### Task item
Make an exact copy, from the records below, of the lines from the line containing "В Україну перекинули" to the line containing "Large Kingsize Ensuite", both lines included, excluding pictures.

═══ Records for the task ═══

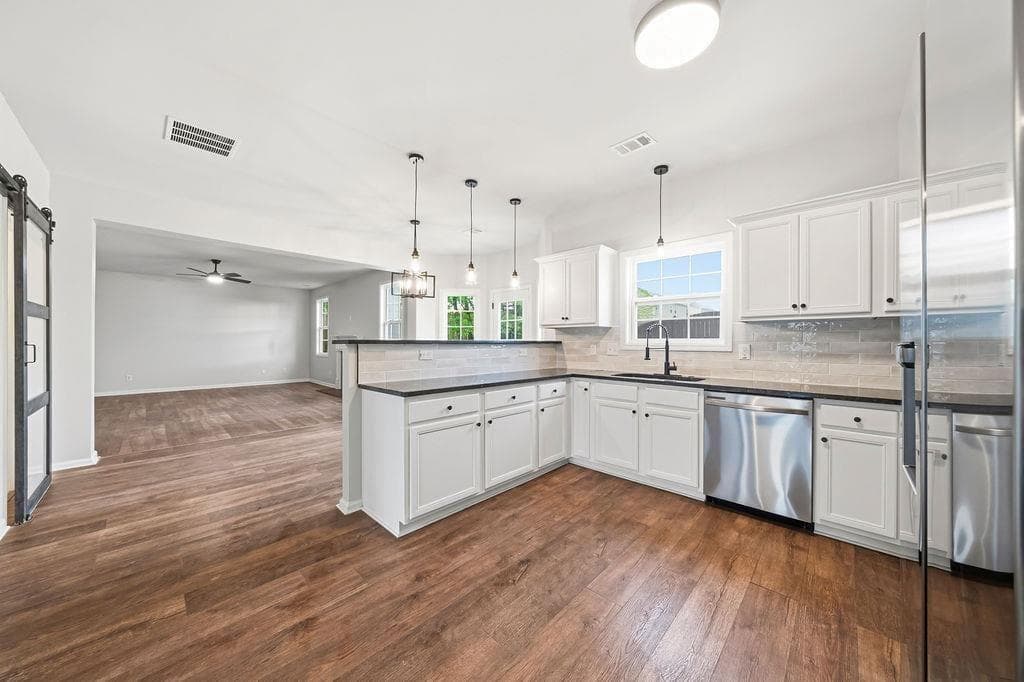 6 bedroom, 4 bathroom, 3,264 sq ft single family residence for sale at 8908 Brandy Rose, Douglasville, GA 30134 — photo 10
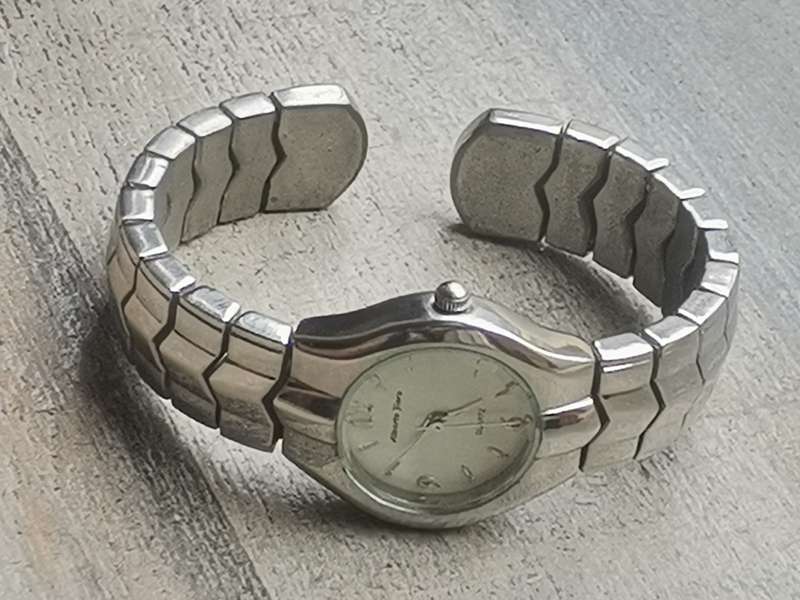 STUNNING ELEGANT LADIES ALBERTO FIORO BANGLE WATCH IN EXCELLENT WORKING CONDITION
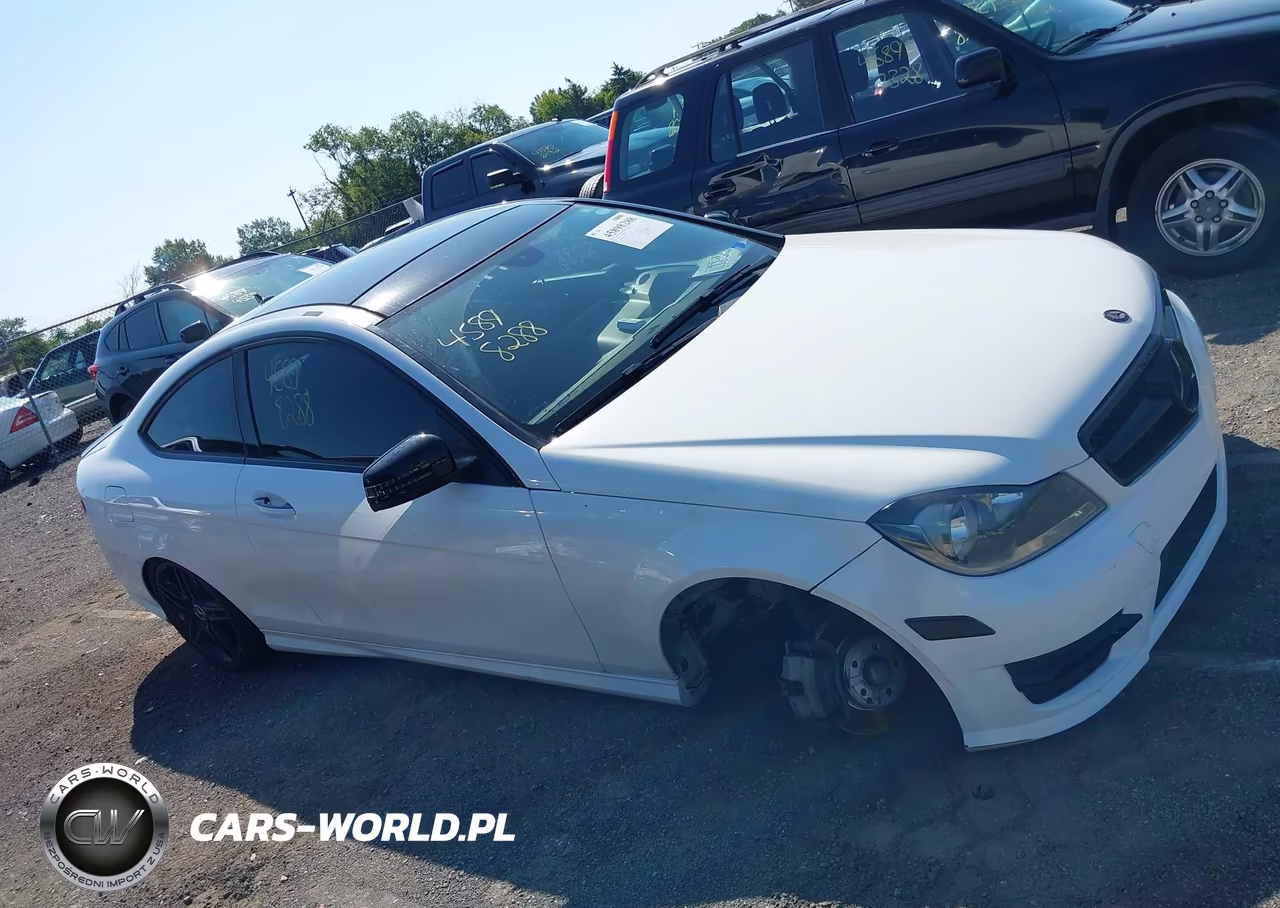 2015 Mercedes-Benz C 250 VIN:WDDGJ4HB5FG392648 - 13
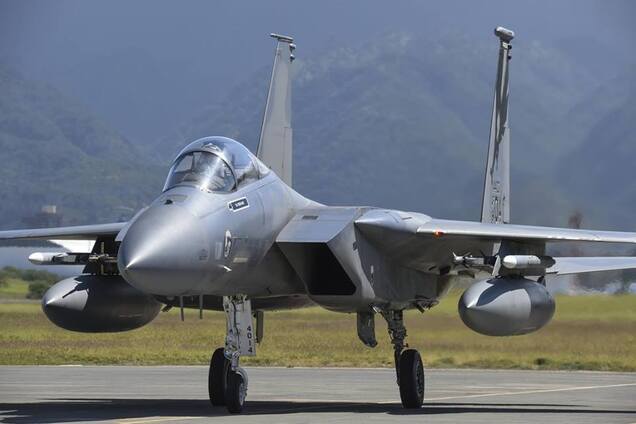 В Україну перекинули військові літаки США: що сталося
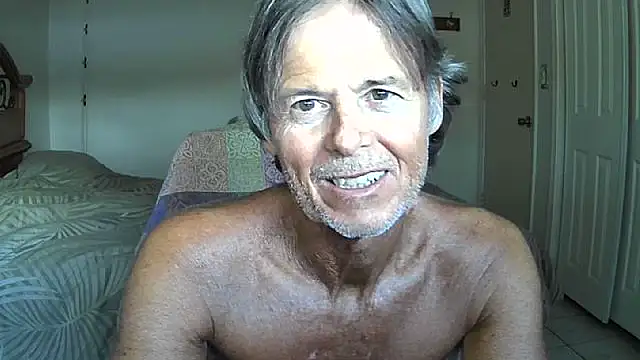 nakeedcowboi65 online show from April 2026 11:18:02 PM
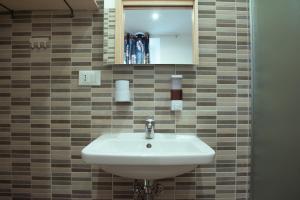 Independent C with Bathroom and Break Corner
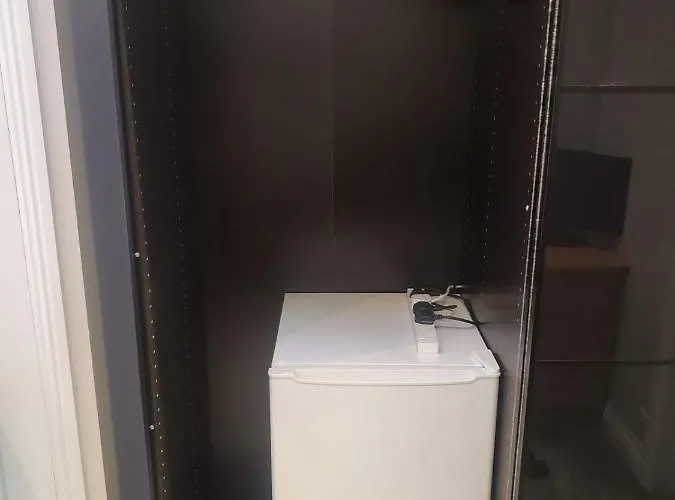 Large Kingsize Ensuite In Kingswood, Bristol, Bs15 Privatunterkunft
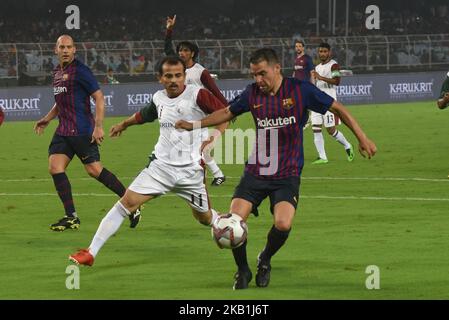 Il giocatore di leggende del FC Barcelona Javier Saviola (C) combatte per la palla contro i giocatori delle leggende del FC e di Mohun Bagan AC durante una partita di esibizione tra le leggende del FC Barcelona e le leggende del Mohun Bagan AC allo stadio Yuva Bharati Kirrangan di Kolkata il 28 settembre 2018. FC Barcellona 6 Goal e Mohanbagan - 0. (Foto di Debajyoti Chakraborty/NurPhoto) Foto Stock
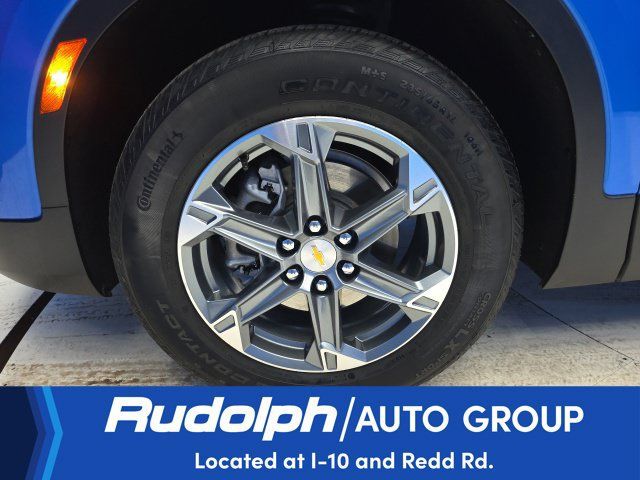 Used 2026 Chevrolet Blazer LT FWD image 22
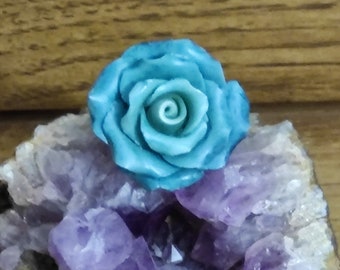 Dream ring in blue with a blue blooming rose flower in cold porcelain, engagement or wedding gift idea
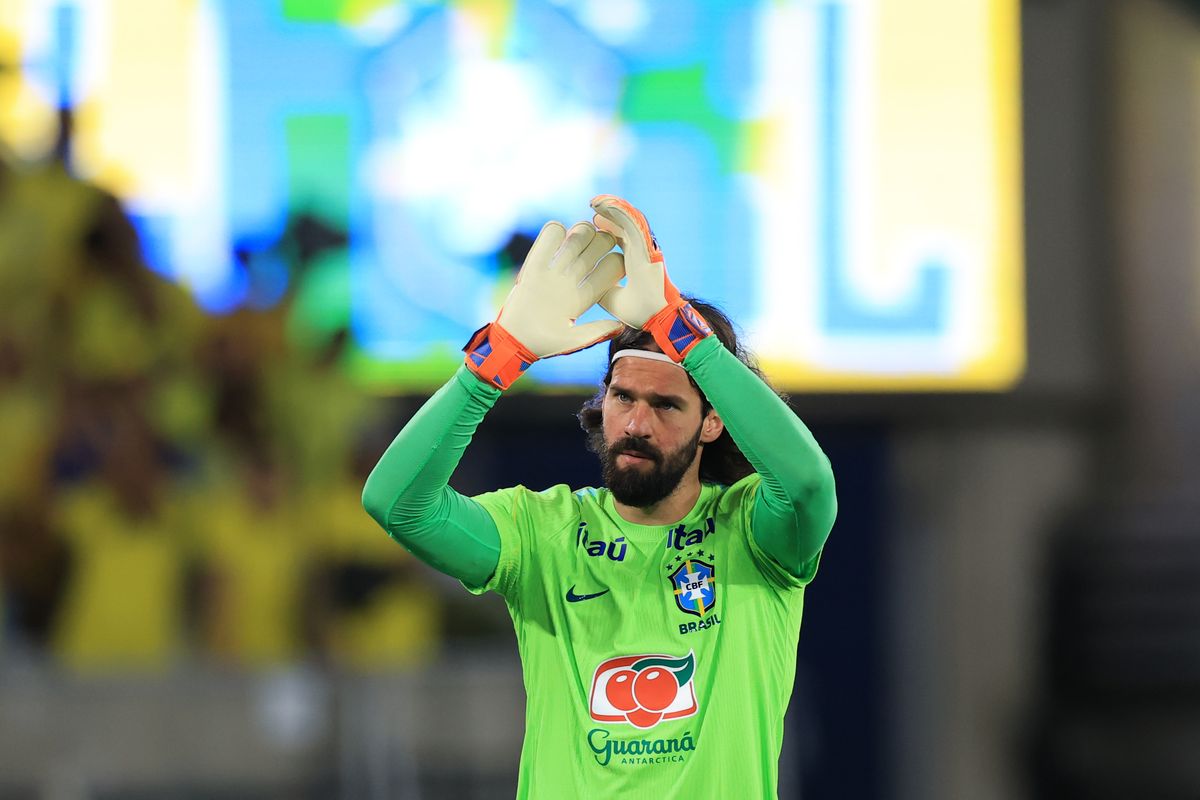 Alisson Becker before Brazil vs Panama.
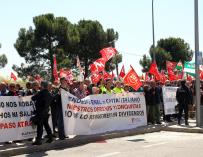 Manifestación sindical ante la junta celebrada en Madrid.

═══

### Result for this exercise
 В Україну перекинули військові літаки США: що сталося
 nakeedcowboi65 online show from April 2026 11:18:02 PM
 Independent C with Bathroom and Break Corner
 Large Kingsize Ensuite In Kingswood, Bristol, Bs15 Privatunterkunft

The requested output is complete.